The thick, brown pubic hair chafed against her face. Her ministrations on Lana's breasts ceased. Lana took her hands and moved them lower, to her hips, and she spread her legs where she stood. “T-Take me,” she said. The stammer in her voice was unusual. Mary Eunice raised her eyes to her lover's face. Lana's face retained an embarrassed tinge at the cheeks. “Take me, if you're sure.”
The water streaming from the showerhead landed right on Lana's pubic mound and drenched the thick hair, sweeping the thin clots of blood out of her hair where it had caught and dried. Mary Eunice worked her fingers through the hair. As she parted Lana's labia to clean the stickiness from her inner genitalia, Lana shuddered with desire. “I'm sure.” She bowed her head and kissed right at the spot where her labia parted.

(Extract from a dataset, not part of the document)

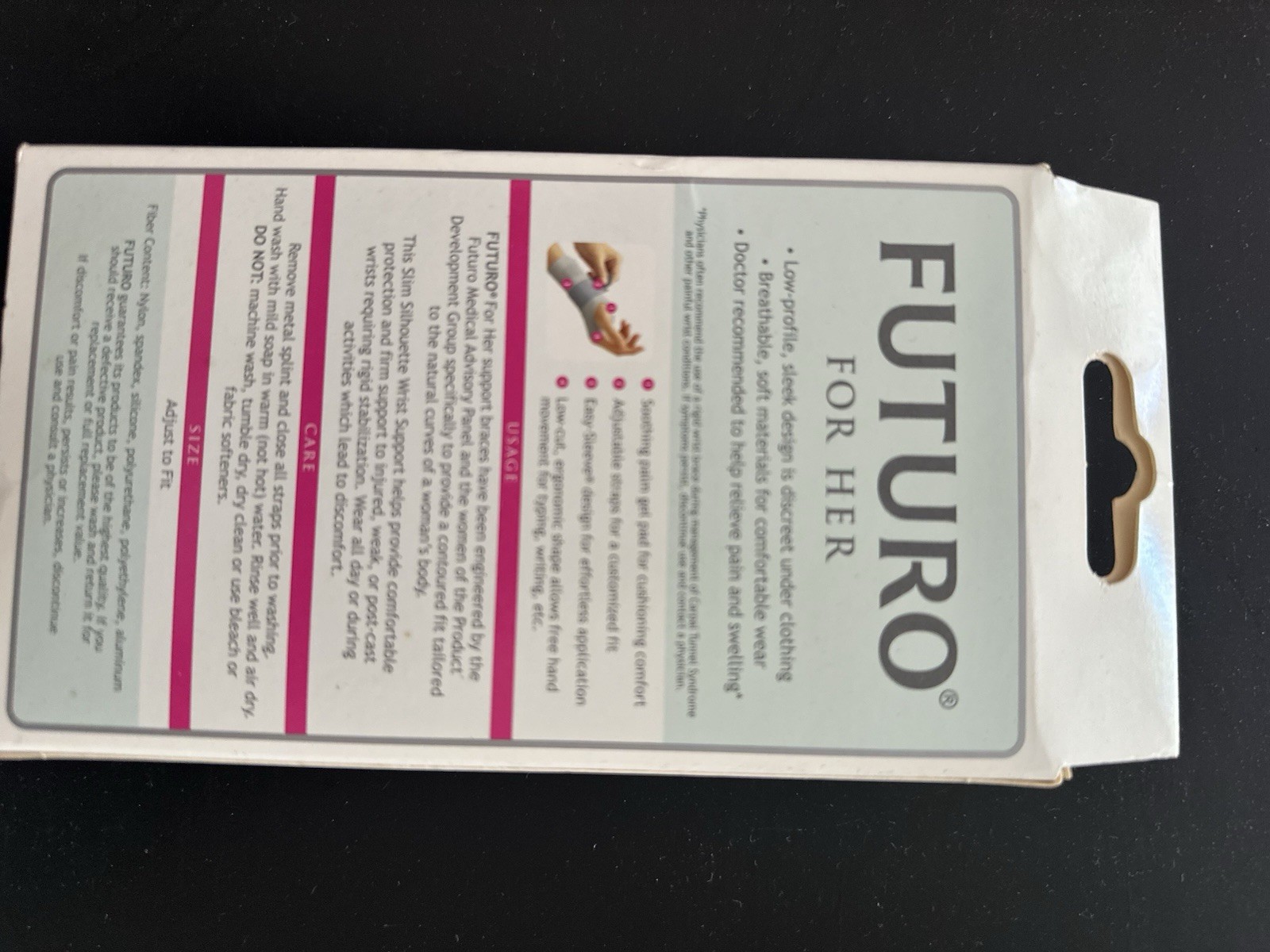 FUTURO For Her Right Hand Wrist Support Brace Carpal Tunnel Adjustable Made USA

Her tongue flitted out from between her lips and dragged up over Lana's clitoris. The taste… She didn't know what she was expecting, but it tasted like she had an old copper penny under her tongue. Unusual, but not unpleasant. She delved forward again and held onto the backs of Lana's thighs. A broken gasp left her lover's parted lips. Lana held onto her hair again, pulling it just a little. She rocked her hips into Mary Eunice's mouth. With her tongue, she flicked on the tip of her clitoris, which was more swollen and erect than usual. I like this. She nuzzled into her crotch and suckled on the tiny organ, flicking the tip of her tongue across it. Lana jerked her hips forward and backward. I wish she were wearing that thing. Her cheeks warmed at the thought. In her mind, she pictured it: them both standing, Lana pinning her against the wall with her leg hiked up and pushing the toy into her, pleasuring her with her other hand, holding her there until she came so hard her knees gave out and left her clinging to Lana for support. The fantasy made the heat in the pit of her stomach expand and flush all throughout her lower body.
“Ah!” The sharp noise rang out from Lana's throat. The arousal inside of Mary Eunice made her suck harder, deeper, and she ground her lower jaw upward into her mouth. “Oh, dear god.” Lana tugged on her hair. She likes it. The fingernails scored across her scalp. She purred, but she didn't withdraw. “Ngh! Don't—Don't stop! Oh, god.” Her hips jerked with such rhythm, Mary Eunice feared she would lose her balance and topple over where she stood. “Oh, Mary Eunice.”
Her name rolled off of Lana's tongue, and it sounded so sweet, she couldn't restrain the moan she projected into her lover's vulva. I love the way she says my name. The flat of her tongue worked against the peak while the tip trailed up and down the crus of her clitoris. Her muscles ached from the strain of using so much dexterity, but Lana kept moaning and whimpering and gasping her name. How could she stop? “God, Mary Eunice—oh, god.” Mary Eunice's eyes flicked up once to find Lana with her head tossed back, her hair falling behind her, shoulders against the wall and hips thrusting forward with every sharp inhale of breath. She's so beautiful . Mary Eunice could not imagine loving her more than she did in that moment. “I'm so—I'm close.”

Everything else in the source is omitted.